A variety of data options is available, and the choice will depend on the type of control point being used. In a Traffic Management or Rail Control Centre, where the operations staff have other duties to perform, it might just be a simple alarm that triggers an interrogation by a member of the technical support staff. In other implementations, the system is integrated into the process control systems directly and activates prescribed actions e.g. changing signals or sending a preset message. What is important is that an event can be accurately detected, classified and located in real time. This information is presented in a decision-ready format to allow the appropriate response, for example the dispatch of a team to investigate onsite or a police call out.

To demonstrate the capability, OptaSense has run out a 3km length of buried fibre optic cable around its Winfrith facility, part of which is runs alongside the Poole to Weymouth rail line just to the west of Wool Station. This cable is linked to a typical monitoring station setup complete with CCTV.

In a demonstration of the remote monitoring capability, two-way radio was used to instruct a person outside to perform a number of threat scenarios such as cable theft. The results were all immediately visible in the monitoring station.

The proximity of the site to the southern boundary of the Poole – Weymouth rail line means the passage and health of trains passing along this line can be monitored. OptaSense believes it would be perfectly possible to link the system into a spare fibre of the FTN cable and thus monitor events on the line over a 40km distance.

Experience to date

Systems have been installed to protect over 13,000km of asset worldwide, most of which is oil and gas pipelines but the technology is currently monitoring on approximately 500Km of rail line and 100km of roads.

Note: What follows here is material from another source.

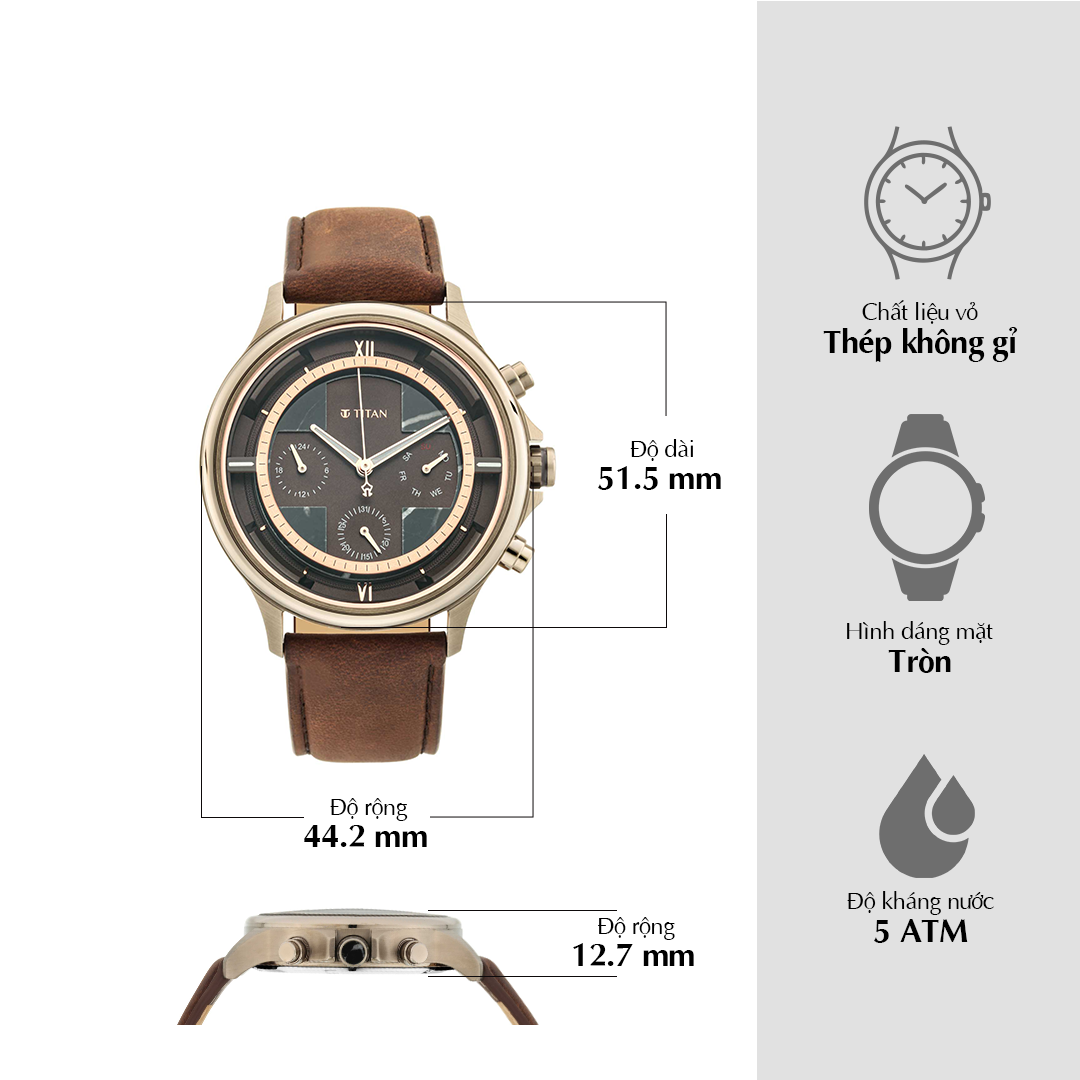 Titan Grandmaster Brown Dial Multi Leather Strap watch for Men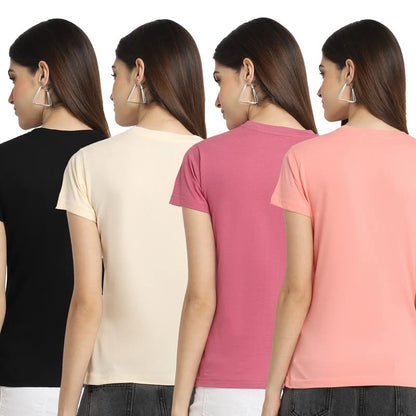 Preneum Womens Cotton Regular Fit Latest Graphic Stylish Printed Short Sleeves Casual T-Shirt (Pack 4), Black & Cream & Pink &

In the rail sector, systems are currently deployed on Deutsche Bahn (Germany), ÖBB (Austria), and two major US railroads. Other projects include underground metro lines, European high speed lines, African rail lines as well as Australian rail freight lines associated with the mining industry. Most interestingly, DB and OptaSense recently announced a collaboration to evaluate whether

DAS technology could replace a number of conventional trackside sensors thereby reducing the cost associated with track monitoring. Under the collaboration, a total of 25 different test scenarios are being investigated including SIL4 applications (safety integrity level 4 – the most dependable level of European Functional Safety Standards).

Future potential

Customers who have experience of the OptaSense systems are enthusiastic about potential uses beyond the current ones of train or vehicle movement, rock fall, cable theft, wheel flats and presence of people. There are aspirations to move up the SIL ladder with perceived applications being:

» Hot axle box detection by noticing a different sound of one axle compared to others;

» Train integrity by continually counting axles as the train progresses;

» Monitoring the operation of point machines or level crossing barrier motors by detecting changes in machinery noise to detect potential failure;

» Improving user-worked crossing safety by giving time before the train arrives;

» Train positioning information as a feed into signalling systems.

All long linear asset industries know the trade-off between the desire to monitor the whole length of an asset (rail, road, pipeline and border) and the prohibitive cost that this would entail using conventional technology. OptaSense has a vision to build the Earth’s Nervous SystemTM where these assets – the arteries of global commerce – are protected and managed. This vision appears to be both achievable and affordable.